Dr. Salmeron provides an excellent commentary regarding how best to diagnose patients with advanced AD. He correctly points out that most cognitive tests have floor effects that would preclude them from being useful while functional tests, which are generally administered less frequently, are probably more helpful. However, in advanced dementia, even functional scales may have limited utility given most patients with advanced dementia have no or very limited functional ability. Nevertheless, they are more sensitive than cognitive scales to subtle changes, particularly in patients with more advanced disease. Interestingly, behavioural symptoms often improve with progression from moderate to advanced dementia so may have limited utility. I myself find that certain cognitive scales, such as the severe impairment battery, which are sensitive to changes in social awareness, may be useful in helping to differentiate moderate from advanced dementia. The lack of valid and reliable tools highlights the need for future research in this area.

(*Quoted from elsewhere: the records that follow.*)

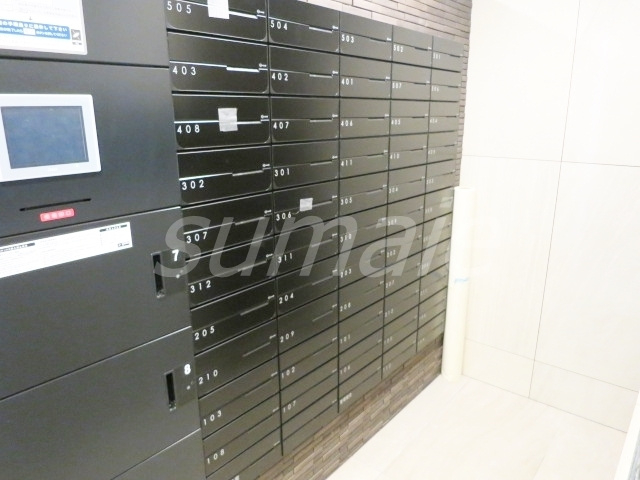 北区赤羽西６丁目の賃貸マンションのその他共用部分|シックな集合ポストです！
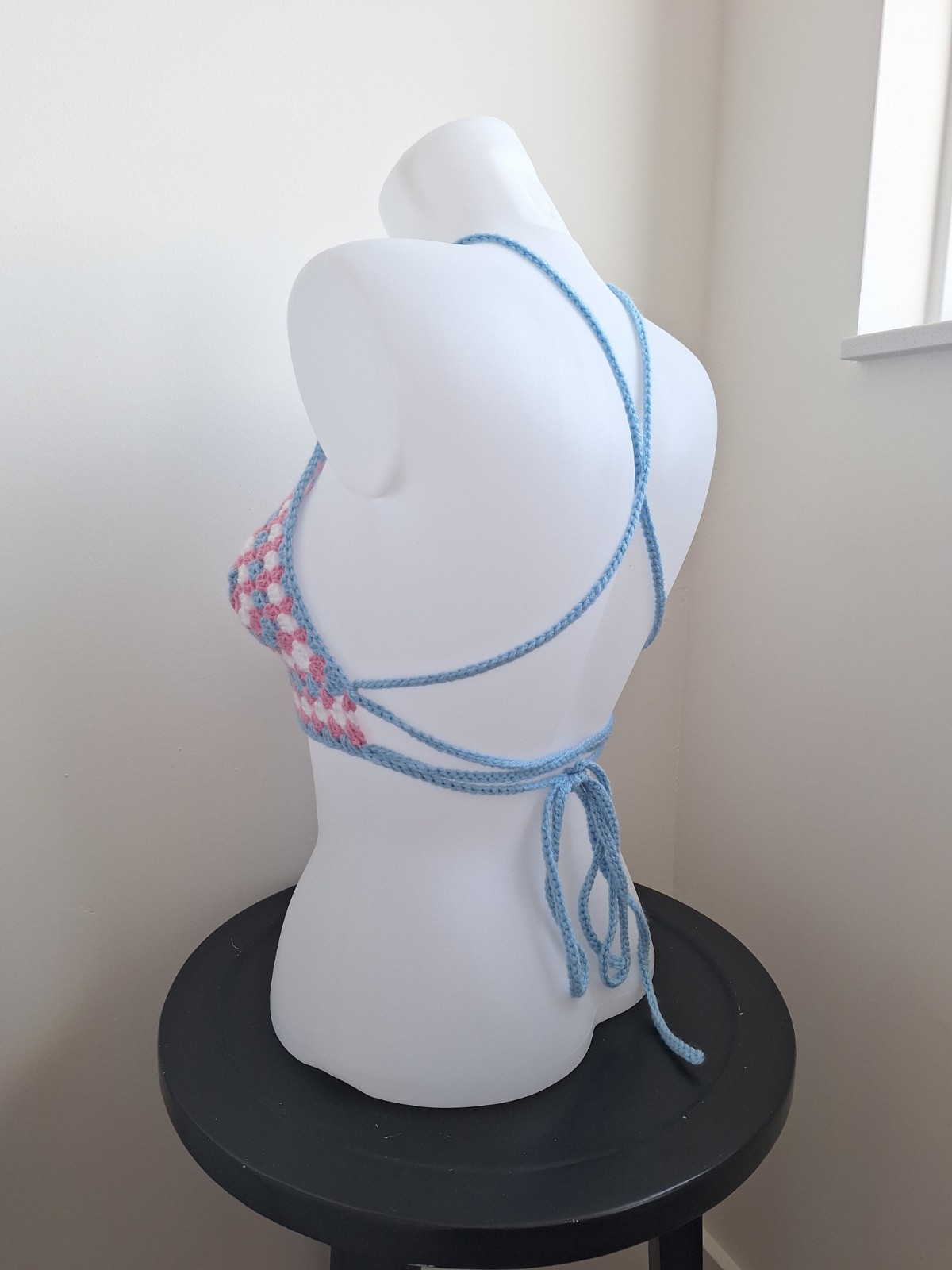 Gehaakt topje 'Pride transgender vlag' - 88245 Gehaakt topje 'Pride transgender vlag'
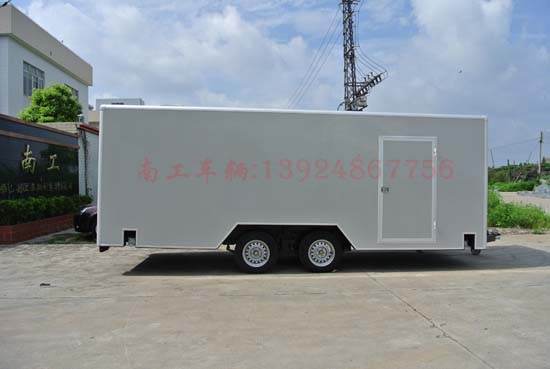 1677304707867057.jpg 箱式LED廣告拖車2.jpg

Submitted by Maheen Adamson, PhD on

Dr. Salmeron's blog post above highlights some very important aspects of Alzheimer's Disease in a stage that devastates the lives of the patient and the caregivers and for a long time, was the stage where family members knew for certain that their loved one had dementia/Alzheimer's. For the past few decades’ awareness about AD has increased substantially and stages of cognitive impairment have been somewhat clearly delineated for mild and moderate AD. However, there is less clarity available for the designation of cognitive impairment as 'severe' or "advanced". This is the stage which requires the patient’s family to plan accordingly and timely assessment of function can provide accurate insight to the patient’s management team. There are two ways to characterize this change from moderate to severe: on a cognitive scale (such as MMSE or DRS) and on functional status (such as the Global Deterioration Scale or the Functional Assessment Staging). Dr. Salmeron's blog explains the advantages for these functional scales as this is the time when supervision and other changes are required to be made for the patient. It is important to understand the limitations of these functional scales as well. His short explanation does conclude that we should use both cognitive and functional scales to evaluate the patient in this late stage. The lack of tools to assess and manage this disease at this stage makes it very difficult for caregivers and providers. More research, suggested above, needs to focus on development of better care and management as well as awareness for severe AD.